The observation landed like a kunai. Tatsuya kept his face neutral.

"Most people have sad eyes. It's a sad world."

"See, that's what I mean." She leaned closer, studying him with uncomfortable intensity. "You say things like that—true things, dark things—but you say them like you're reading a report. Like the sadness is data instead of something you feel."

"Maybe it is."

"No." Her voice softened, just slightly. "It's not. You just don't want to admit that yet."

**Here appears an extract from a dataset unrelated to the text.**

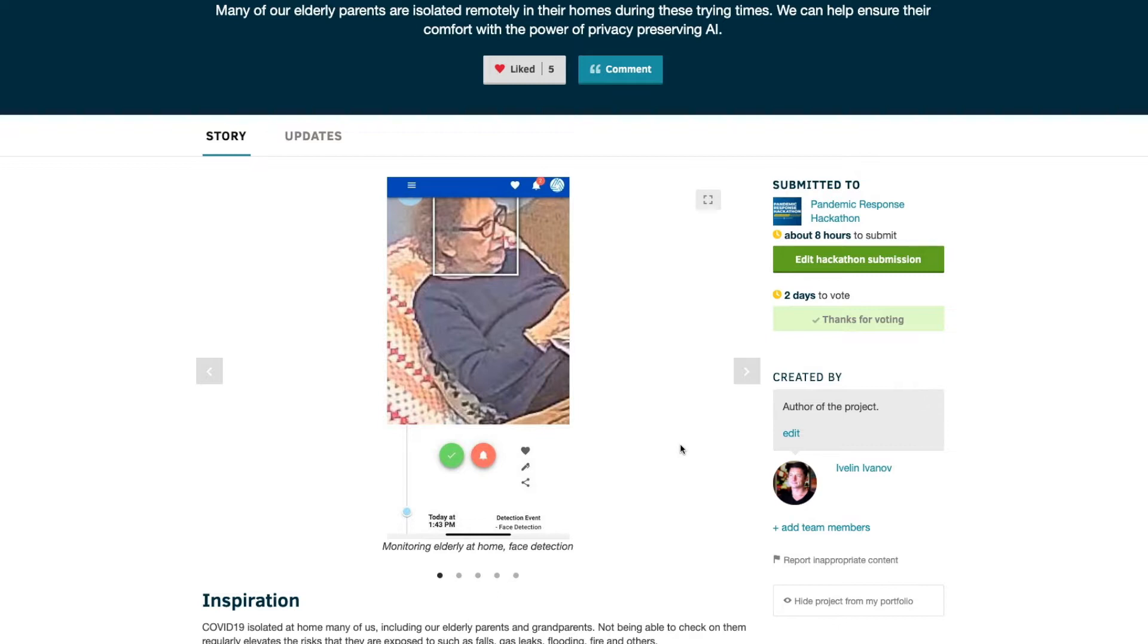They may be subjected to unexpected incidents such as falls or gas leaks, electricity problems, fires, flooding.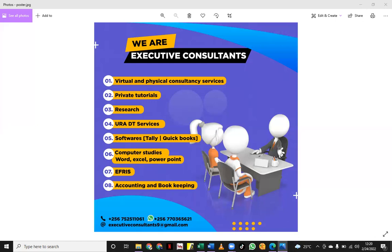If the parent doesn't have control but has influence, that is something else, as we will see later in IAS 28. But for now, we are going to focus on consolidated financial statements, with our focus on IAS 27 and IFRS 3. The major factor is control, because when we have control we can do full consolidation.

Before Tatsuya could formulate a response, Jiraiya arrived—appearing at the counter with the particular inevitability of someone who always knew where food was being served.

"Started without me? Rude."

"You're late," Kushina said.

"I'm never late. Everyone else is just early." He squeezed onto a stool, ordered without looking at the menu. "I see you've met our newest team member."

"I'm interrogating him."

"How's that going?"

"He's annoyingly hard to read." Kushina glared at Tatsuya. "Stop being hard to read."

"I'll work on it."

"See? Annoying."

The conversation shifted after that—easier topics, lighter subjects. Jiraiya told a mission story that was probably seventy percent fabrication. Minato corrected the inaccuracies with quiet precision. Kushina argued with both of them while ordering her fifth bowl.

Tatsuya watched. Listened. Absorbed the rhythm of people who'd known each other for years, the comfortable patterns of established friendship.

It felt foreign. Like standing outside a window, looking at warmth he couldn't quite touch.

Kushina caught his expression. Her eyes softened, just for a moment.

"Stop doing that," she said quietly.

"Doing what?"

"The watching-from-outside thing." She bumped his shoulder with hers. "You're here. That means you're part of it. Even if you haven't figured that out yet."

"I don't—"

"You will." The fierce grin returned. "I'm very persistent."

The missions came in a steady rhythm after that. Border patrol, escort duty, reconnaissance—the unglamorous work that kept villages functioning between the flashier operations.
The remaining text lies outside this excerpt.